Vivimos en un universo que creemos conocer, pero bajo la superficie de nuestra realidad cotidiana se esconde un mundo que opera con reglas propias, inaccesibles para la mayoría. Es un espacio donde la línea entre la vida y la muerte se desdibuja y donde lo que consideramos real es apenas un reflejo de algo más profundo y enigmático.
En este plano oculto, el tiempo no sigue un curso lineal. Nuestras acciones no son eventos aislados, sino que generan ecos en dimensiones paralelas que apenas podemos concebir. Un simple roce en una calle concurrida podría significar mucho más en este otro ámbito. Un gesto fugaz, una mirada, una sonrisa, pueden ser la antesala de tragedias o desenlaces que escapan a nuestra percepción consciente. La seguridad con la que asumimos nuestra existencia es una ilusión construida sobre una estructura invisible y fluctuante.

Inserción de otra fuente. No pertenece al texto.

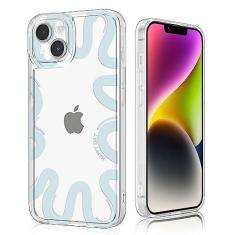 Imagem de UEEBAI Capa para iPhone 14 de 6,1 polegadas, capa de telefone moderna, bonita, bonita, adorável, durável, fina, ultraleve, macia, amortecedora, à prova de choque, capa transparente para mulheres e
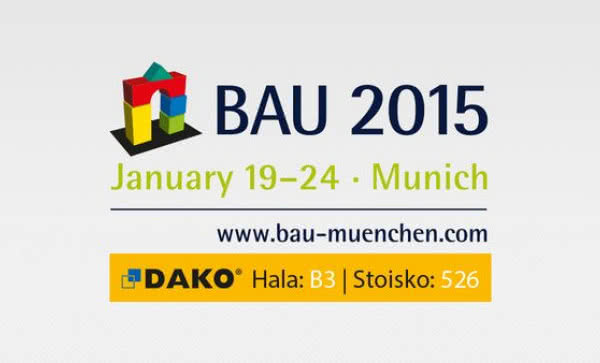DAKO zaprasza na prestiżowe targi BAU w Monachium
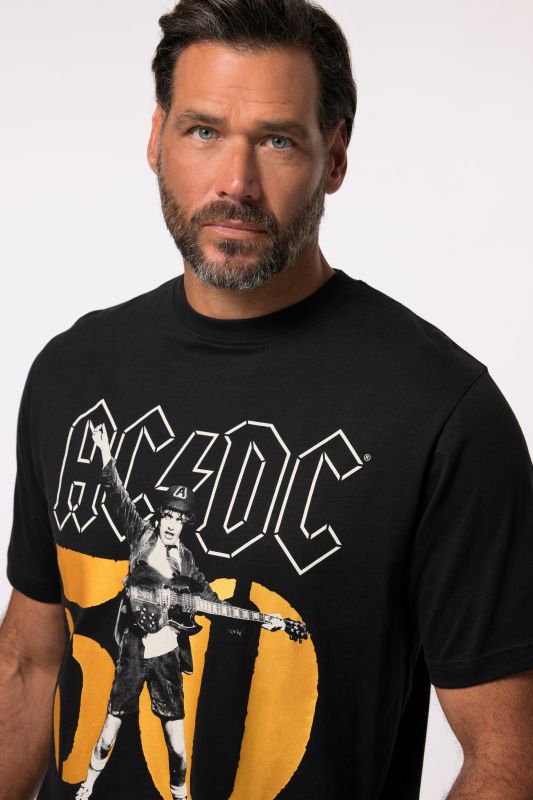 T-shirt JP 1880, T-shirt du groupe AC/DC, manches courtes - jusqu'au 8&nbsp;XL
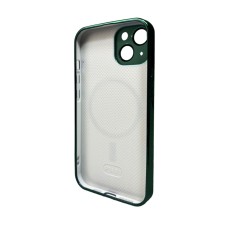 Чехол для смартфона AG Glass Sapphire Frame MagSafe Logo для Apple iPhone 14 Cangling Green (AGSappiFRP14Green)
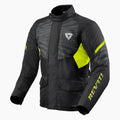 REV'IT! Duke H2O Motorcycle Jacket Black/Neon Yellow / S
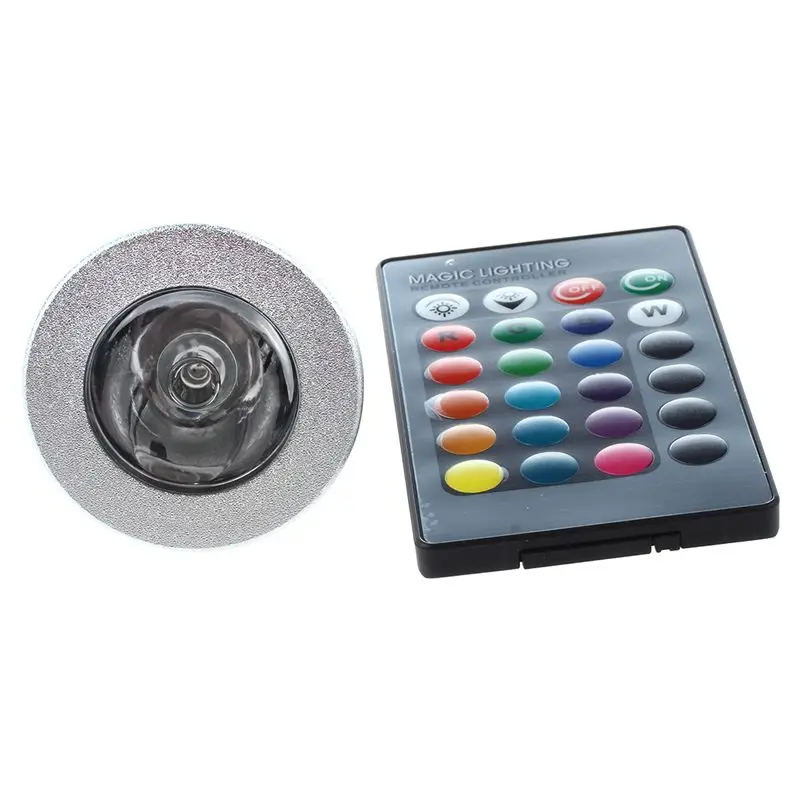 GU10 3 Вт 16 цветов RGB светодиодный светильник лампа + ИК пульт дистанционного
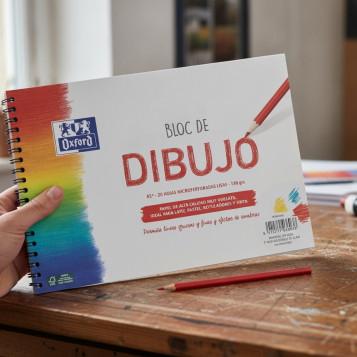 ▷ BLOC DIBUJO OXFORD ESPIRAL A5+ 20HJ 130GR LISO | Taine - Imagen 2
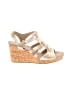 Sperry Top Sider 100% Leather Gold Wedges Size 10 (estimated) - photo 1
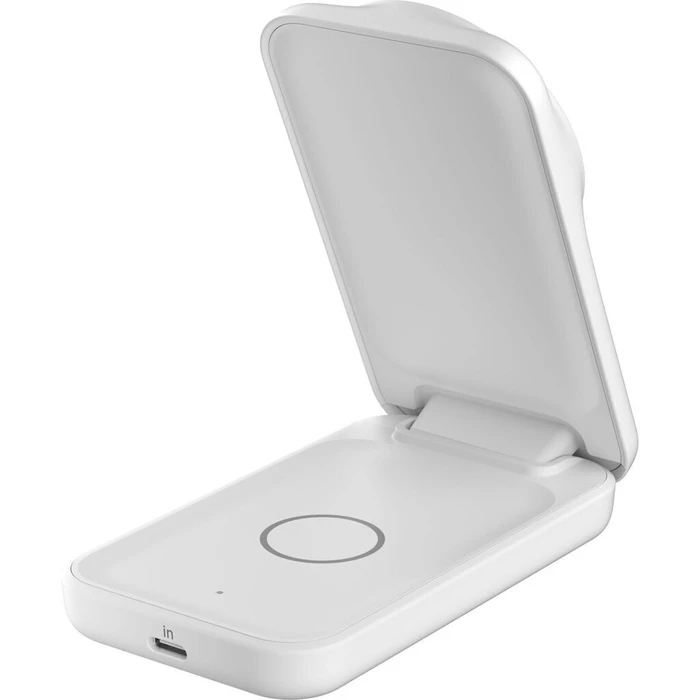 Ασύρματος Φορτιστής Belkin UltraCharge 25W Qi2 magn. 2-in-1 WIZ038kqWH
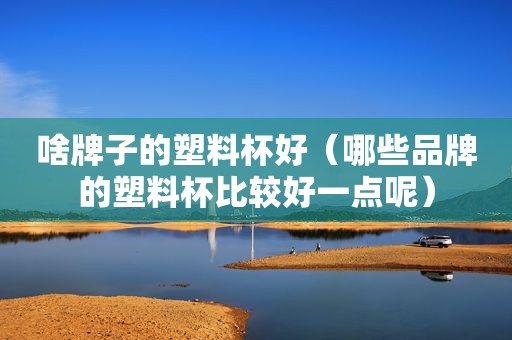 啥牌子的塑料杯好（哪些品牌的塑料杯比较好一点呢）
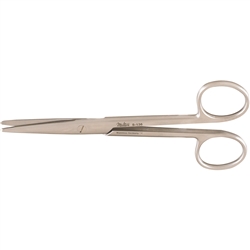 Miltex Dissecting Scissors, Straight, Rounded Blades - 5-1/2"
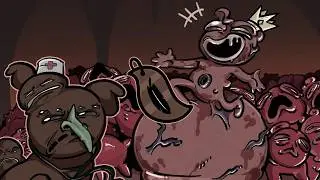 Mewgenics Throbbing King crazy difficulty boss fight - Solo druid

Dentro de esta dimensión paralela, todos hemos sido tanto culpables como víctimas. La esencia de quienes somos no se define únicamente por nuestras acciones en el mundo tangible, sino también por los eventos que ocurren en ese otro plano, donde cada individuo carga con historias ocultas, decisiones impensables y consecuencias inevitables. En este espacio, asesinos y asesinados coexisten en una misma conciencia fragmentada, en una paradoja que desafía nuestra comprensión de la moral y la identidad.

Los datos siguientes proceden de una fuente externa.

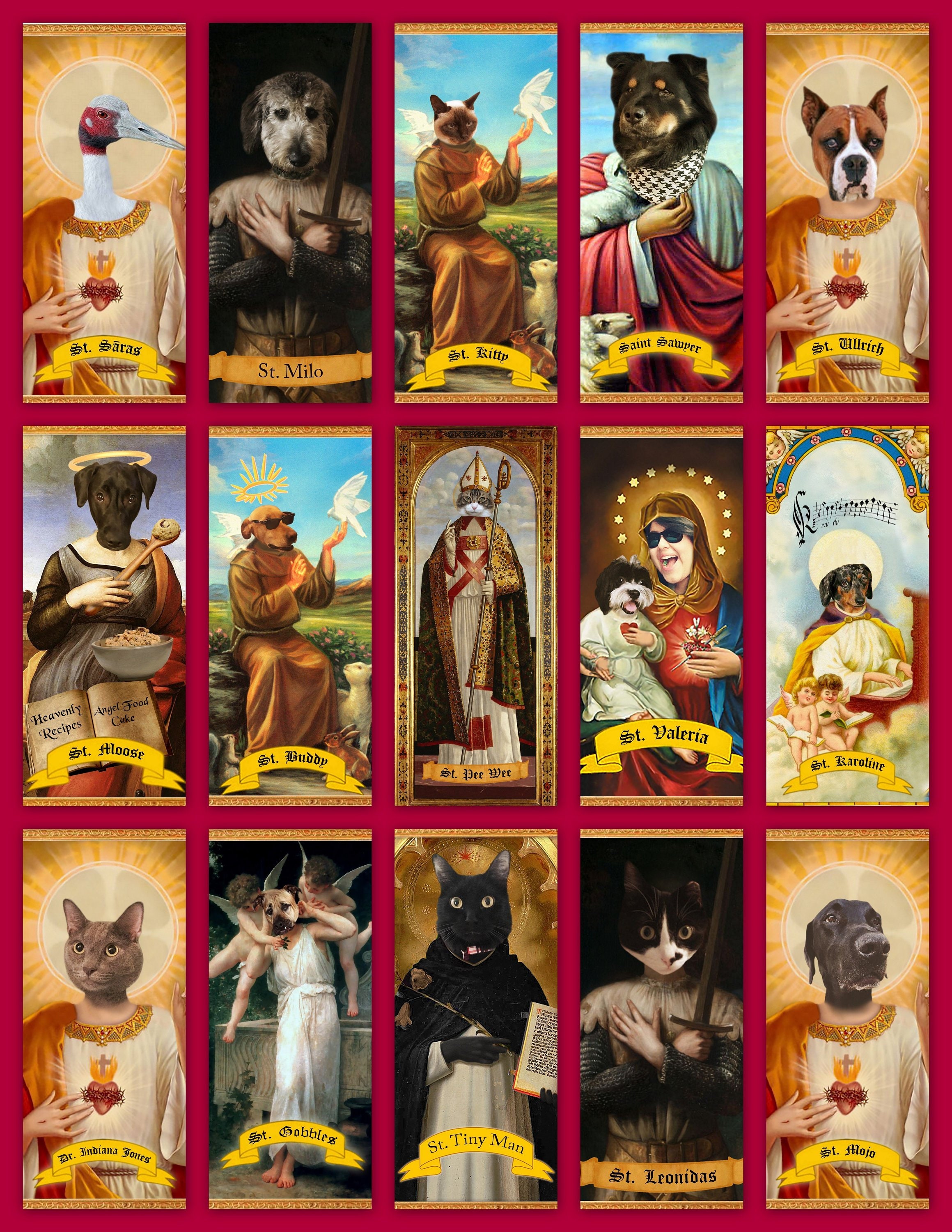 Custom Pet Prayer Candle Dog Saint Candle Saint Yourself Etsy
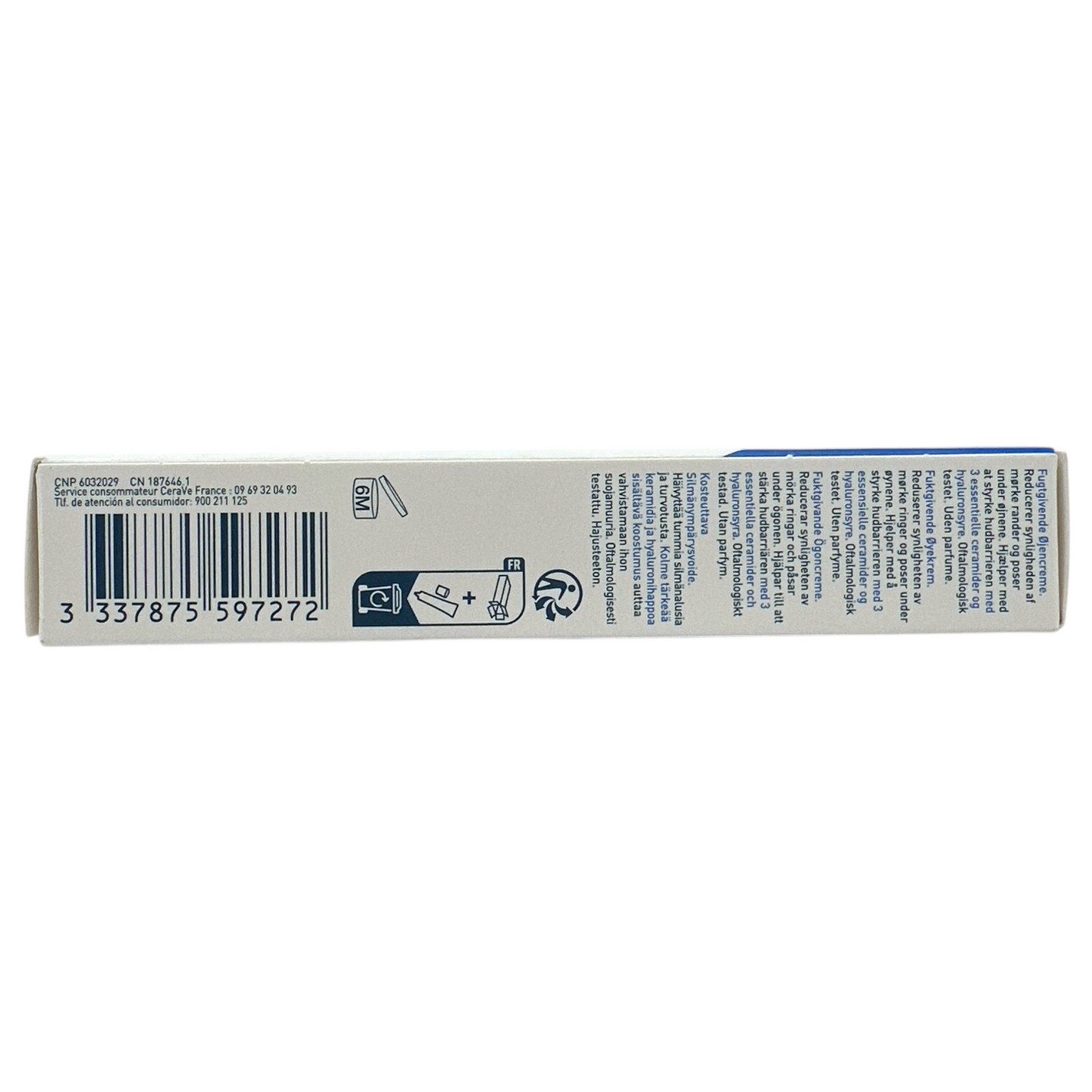 CeraVe Eye Repair Cream 14ml – Hydrating eye cream for dark circles and puffiness, available at Zakura Global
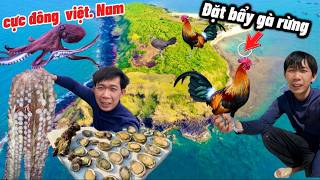 Chinh phục đảo hoang cực đông đặt bẫy gà rừng rặc lặng biển gặp nhiều hải sản quý hiếm |camping…
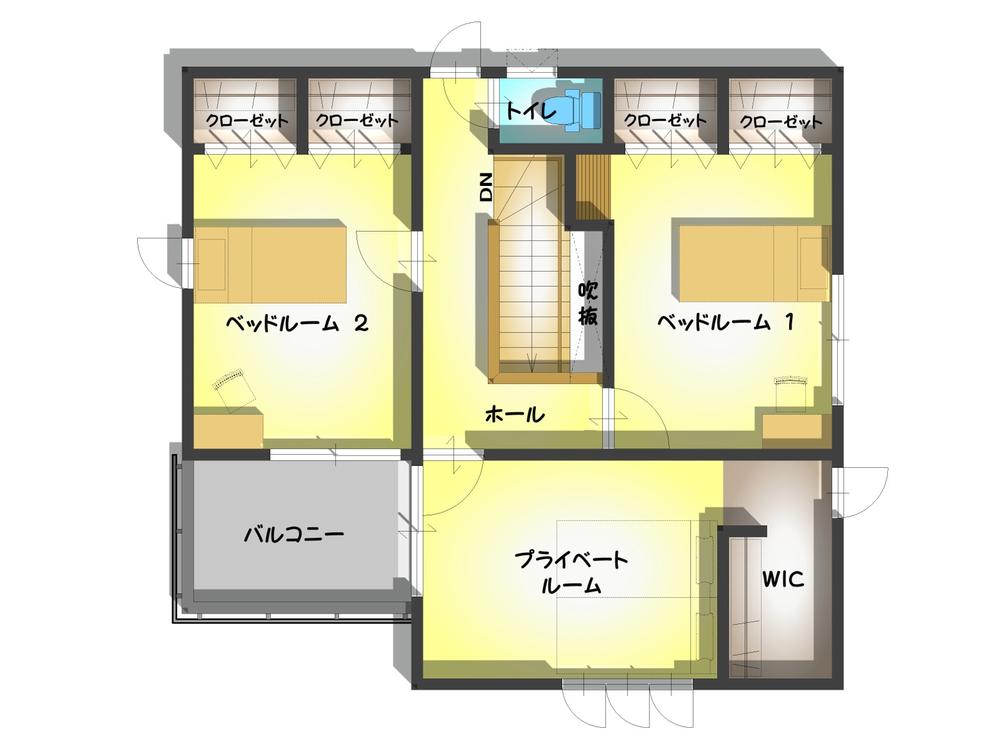 Floor plan. 24,800,000 yen, 4LDK, Land area 234.35 sq m , Building area 121.75 sq m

La creencia de que tenemos un control absoluto sobre nuestra vida es un espejismo. A nuestro alrededor, fuerzas invisibles mueven los hilos de los acontecimientos, alterando nuestras decisiones y destinos de maneras que apenas podemos intuir. Nos aferramos a la percepción de estabilidad y solidez en nuestra existencia, pero, en realidad, habitamos una construcción frágil, destinada a desmoronarse en cualquier momento.